The text demands a specific plan for a political transition, the immediate and unconditional release of the almost 1,300 political prisoners and guarantees so that Cuban exiles can return to the Island without suffering reprisals.
It also condemns the systematic repression of the Cuban regime, calls for sanctions against Miguel Díaz-Canel and maintains that the only way out of the suffering, poverty and isolation of the country is through a profound change, both political and economic, that leads without further delay to a democratic transition.
“The European Parliament has the opportunity to give a new slap, but strong and true, to end Cuban tyranny”
The approval of the resolution will largely depend on Patriots for Europe, which has presented several amendments to toughen the tone against Havana. The group links its final support to these modifications being accepted.
“The European Parliament has the opportunity to give a new slap, but strong and real, to end Cuban tyranny,” the head of the Vox delegation in the European Parliament, Jorge Buxadé, told EFE.
Buxadé warned that his party will not accept that the European People’s Party once again “throws itself into the arms of the progressives”, in reference to a possible negotiation with social democrats and greens.
The lack of references to US economic sanctions and restrictions on fuel supplies has prevented these two groups from joining the center-right text.

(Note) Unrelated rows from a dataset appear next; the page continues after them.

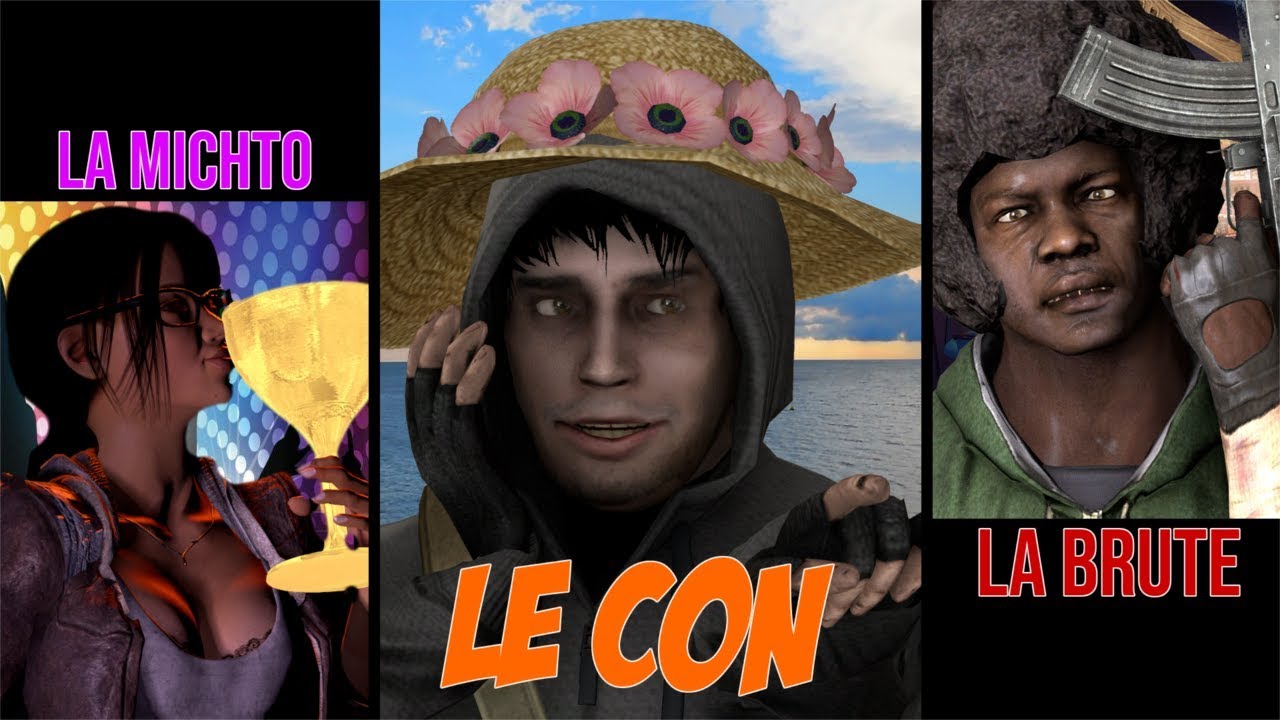 LE C*N , LA BRUTE ET LA MICHTO #2 - GARRY'S MOD DARKRP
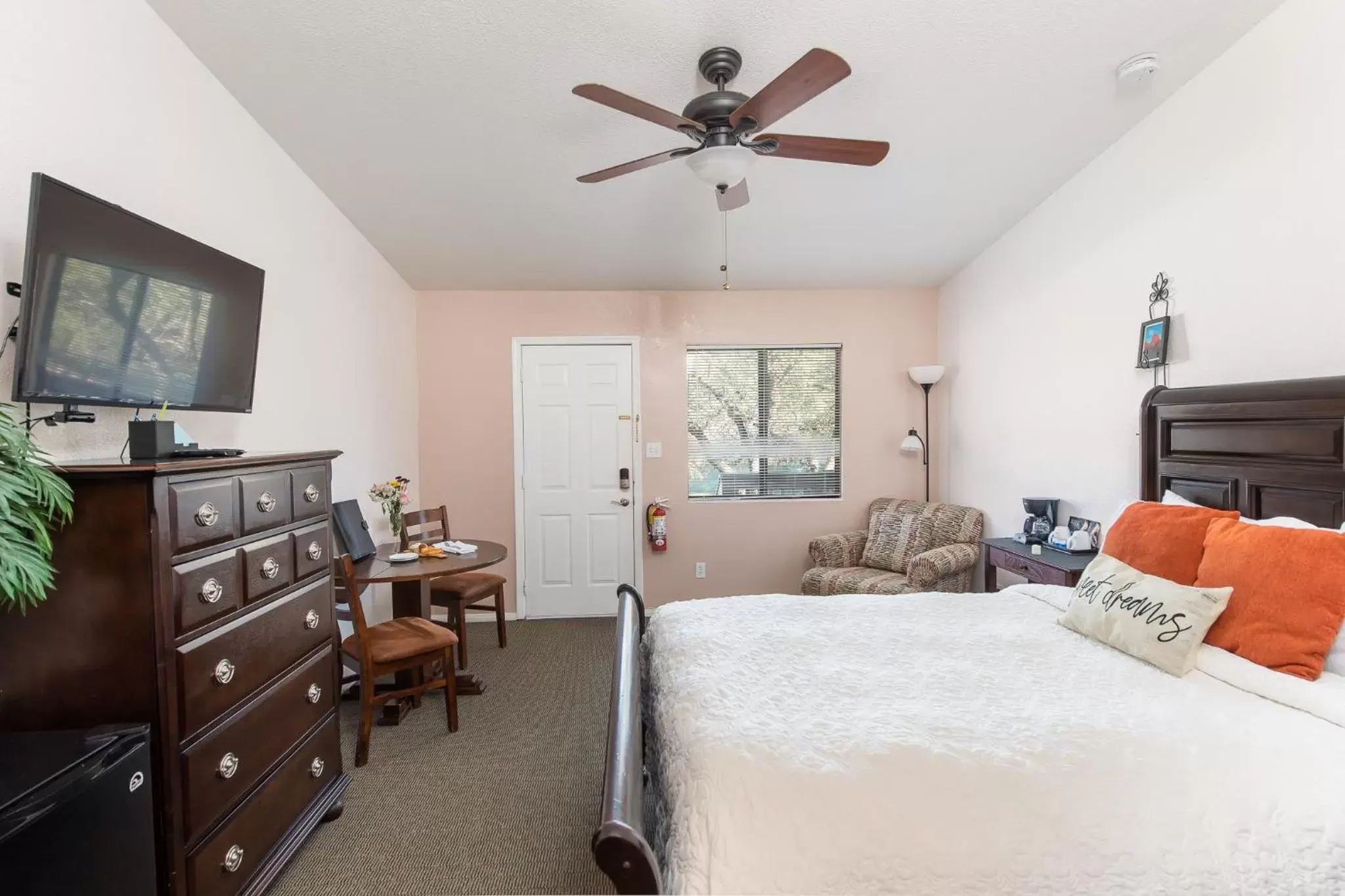 Photo of the whole room, TV/Entertainment Center in Whispering Creek Bed & Breakfast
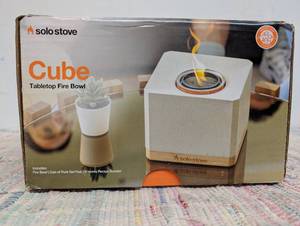Solo Stove 6 Cube Firebowl Tabletop Fireplace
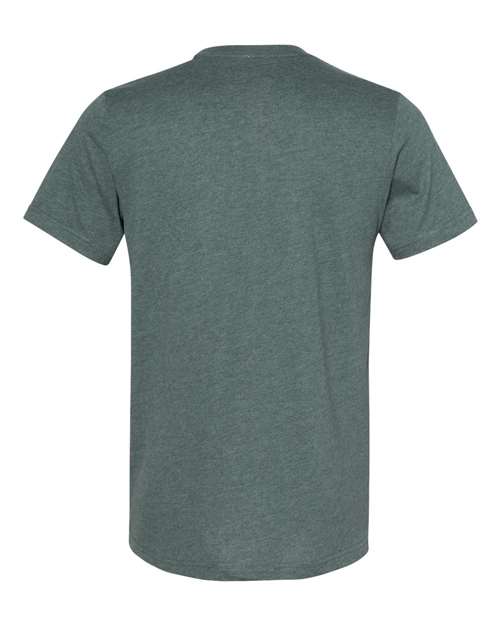 BELLA + CANVAS Sueded Tee 3301 - Heather Forest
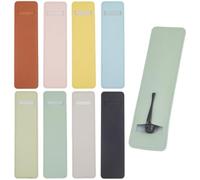 SUNNYCLUE 1 caja 8 estuches Individuales para Bolígrafos Estuche de Piel Si | Sintética Funda Protectora Vintage para Bolígrafos Y Plumas Estilográficas Estuches para Guardar Lápices Estuches para Adulto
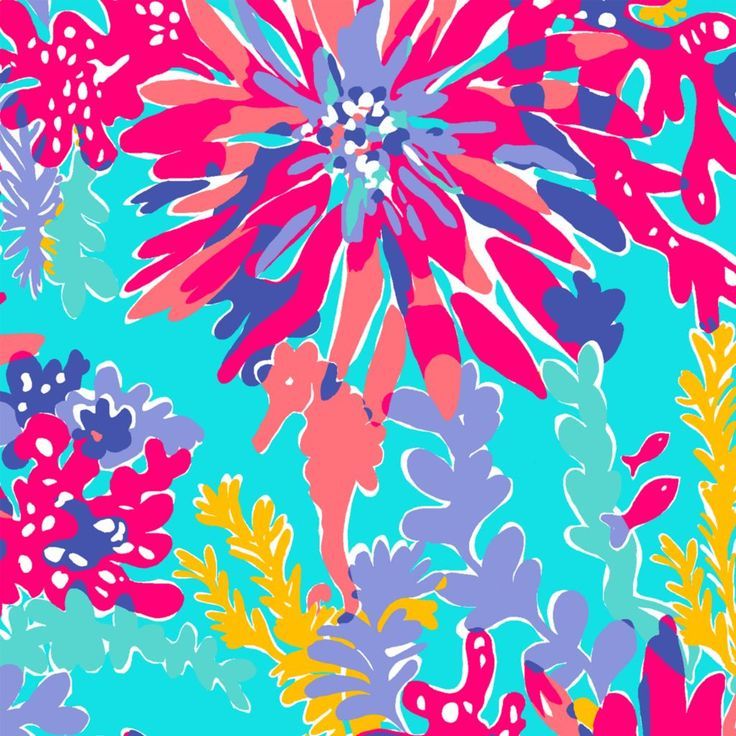 High Resolution Lily Pulitzer Wallpapers, Husayn Jiran - Cute Lilly Pulitzer Patterns , HD Wallpaper & Backgrounds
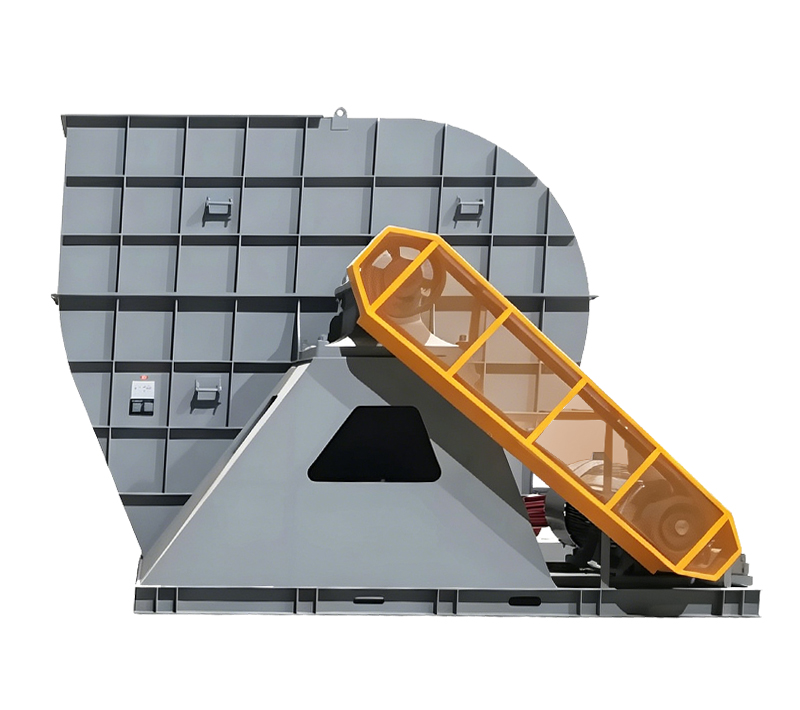 Main fan of catalytic combustion system for exhaust gas in painting  production line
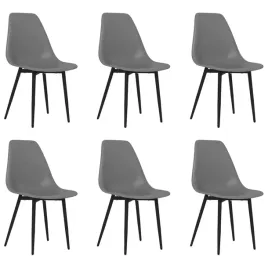 krzesla-stolowe-6-szt-szare-pp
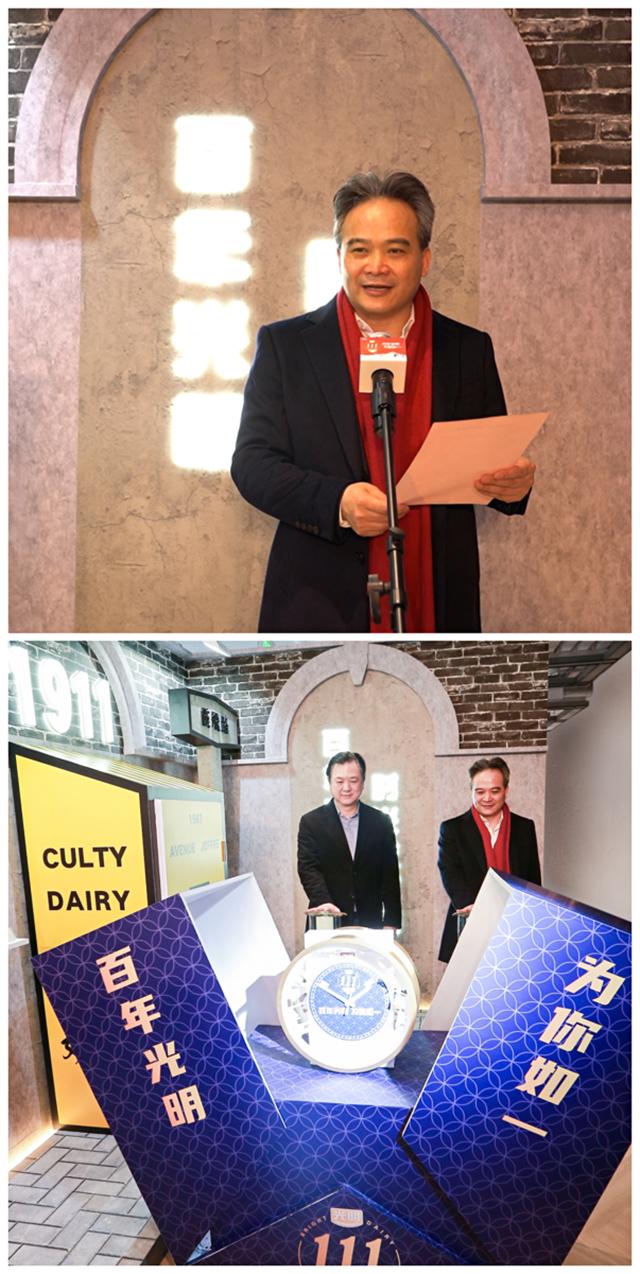 响应“首发经济”号召光明举办百年时光艺术展向历史致敬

Social Democrats and Greens have presented an alternative proposal that, in addition to denouncing the repression and demanding the release of political prisoners, demands that Washington put an end to what they describe as “illegitimate practices” against Cuba.
The division over the role of the United States threatens to prevent a common position of the European Parliament
Socialist negotiator Leire Pajín stated that her group shares the denunciation of the situation of political rights on the Island, the demand for economic and political reforms and the demand for respect for fundamental freedoms.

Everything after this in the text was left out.